→ **Task item**
Look through the entries below and copy exactly the part that begins with the line containing "A George III" and ends with the line containing "Happy Easter Brunch". Do not copy the pictures.

→ **Data to process**
┄┄┄┄┄┄┄┄┄┄┄┄┄┄┄┄┄┄┄┄

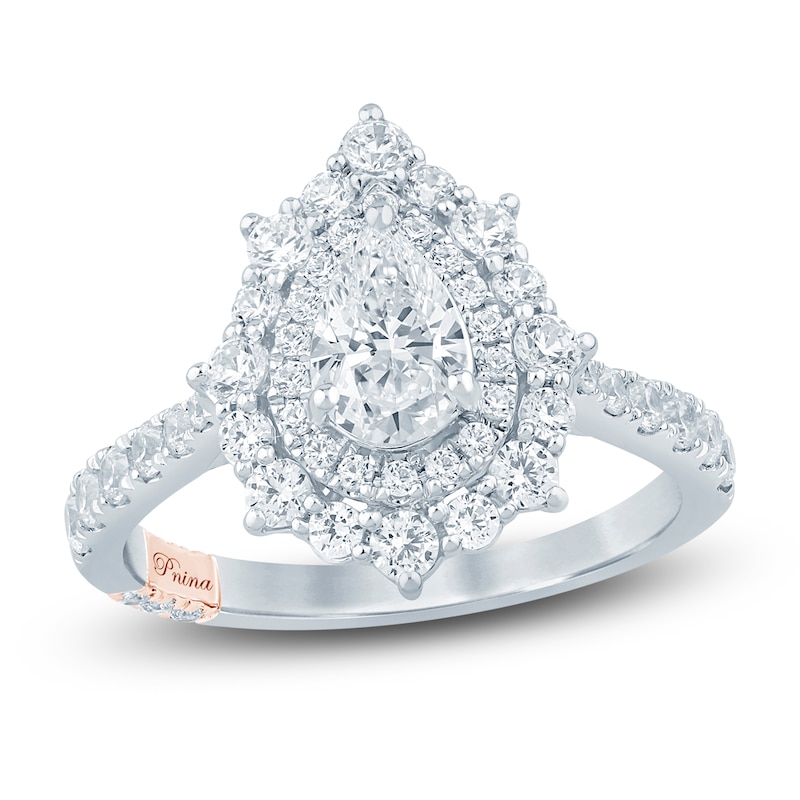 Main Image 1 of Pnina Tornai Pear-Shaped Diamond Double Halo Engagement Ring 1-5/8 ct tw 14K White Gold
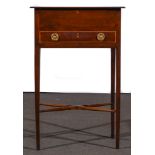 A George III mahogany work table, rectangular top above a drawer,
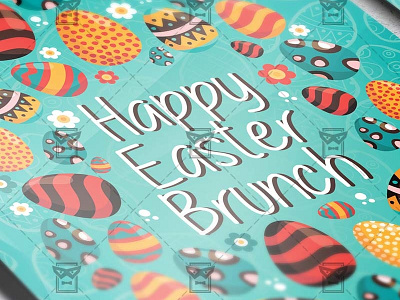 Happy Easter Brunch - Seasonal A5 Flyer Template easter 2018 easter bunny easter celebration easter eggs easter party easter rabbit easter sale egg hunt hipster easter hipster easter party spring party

┄┄┄┄┄┄┄┄┄┄┄┄┄┄┄┄┄┄┄┄

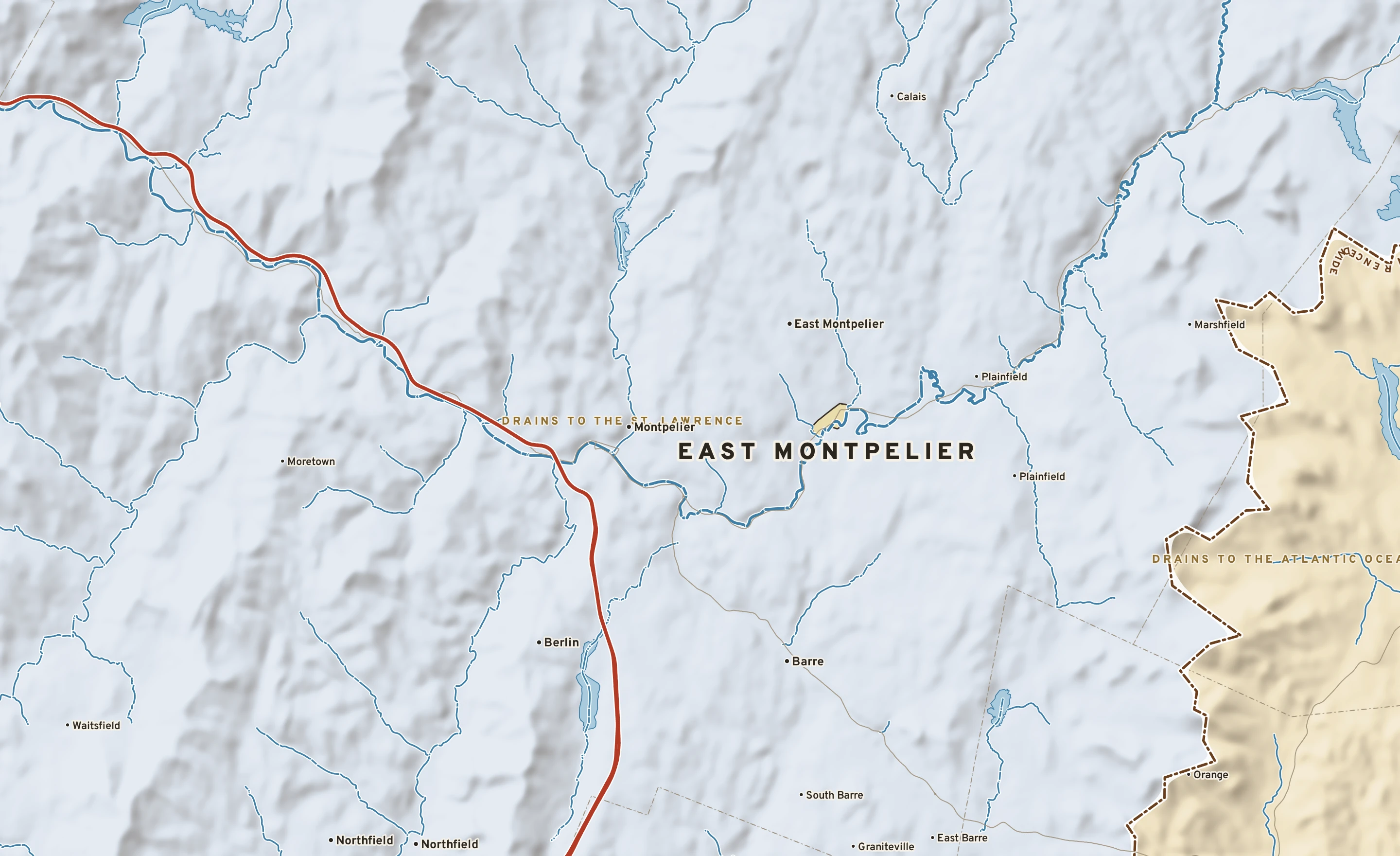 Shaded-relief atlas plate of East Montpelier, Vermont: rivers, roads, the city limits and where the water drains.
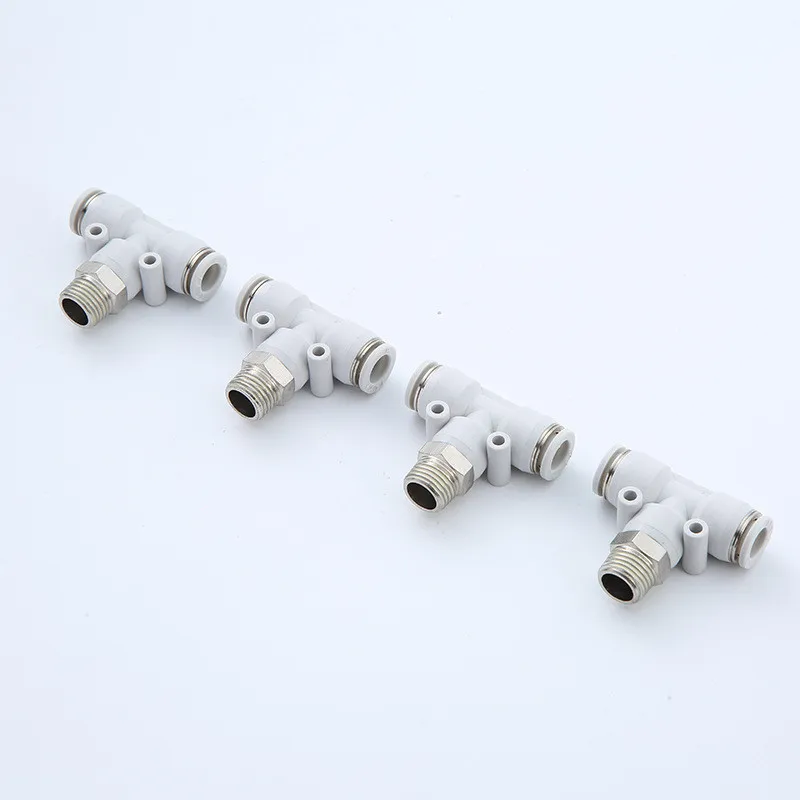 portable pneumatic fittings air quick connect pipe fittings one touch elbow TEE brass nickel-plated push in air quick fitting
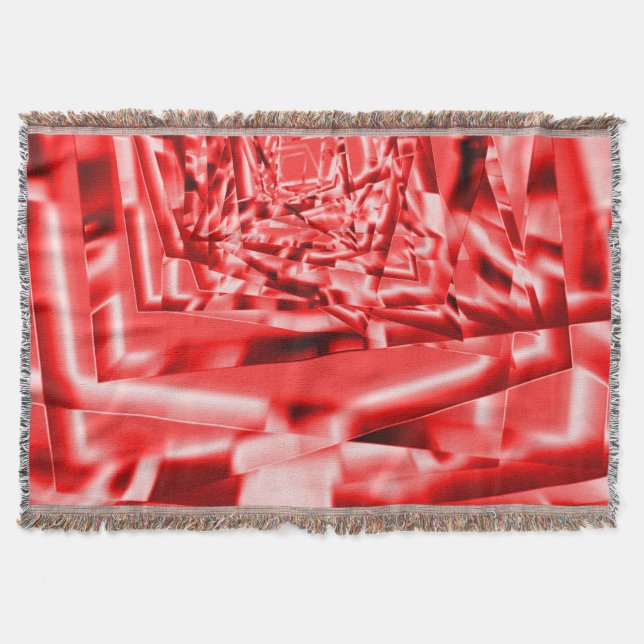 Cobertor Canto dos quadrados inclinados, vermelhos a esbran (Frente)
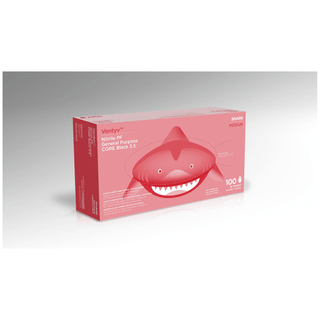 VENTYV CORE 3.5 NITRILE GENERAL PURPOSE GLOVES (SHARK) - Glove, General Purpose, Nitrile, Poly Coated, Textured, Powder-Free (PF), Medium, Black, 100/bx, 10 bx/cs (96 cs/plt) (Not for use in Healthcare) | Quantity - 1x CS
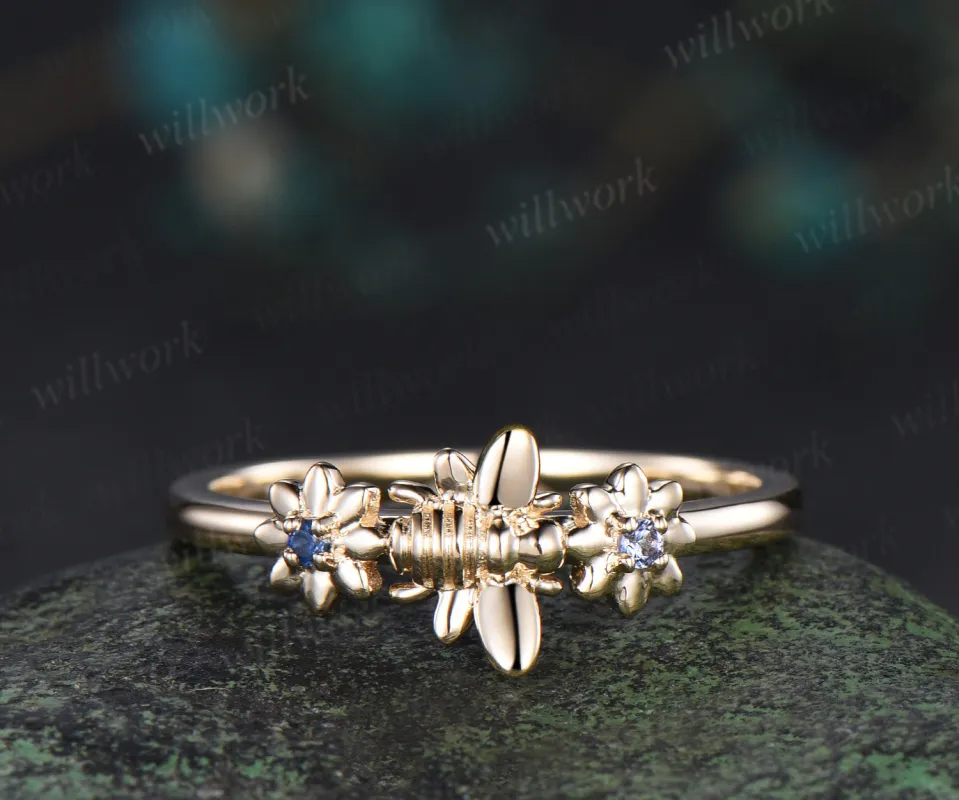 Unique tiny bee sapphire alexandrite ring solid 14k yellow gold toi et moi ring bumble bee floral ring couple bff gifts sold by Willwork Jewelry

┄┄┄┄┄┄┄┄┄┄┄┄┄┄┄┄┄┄┄┄

→ **Exercise answer**
 A George III mahogany work table, rectangular top above a drawer,
 Happy Easter Brunch - Seasonal A5 Flyer Template easter 2018 easter bunny easter celebration easter eggs easter party easter rabbit easter sale egg hunt hipster easter hipster easter party spring party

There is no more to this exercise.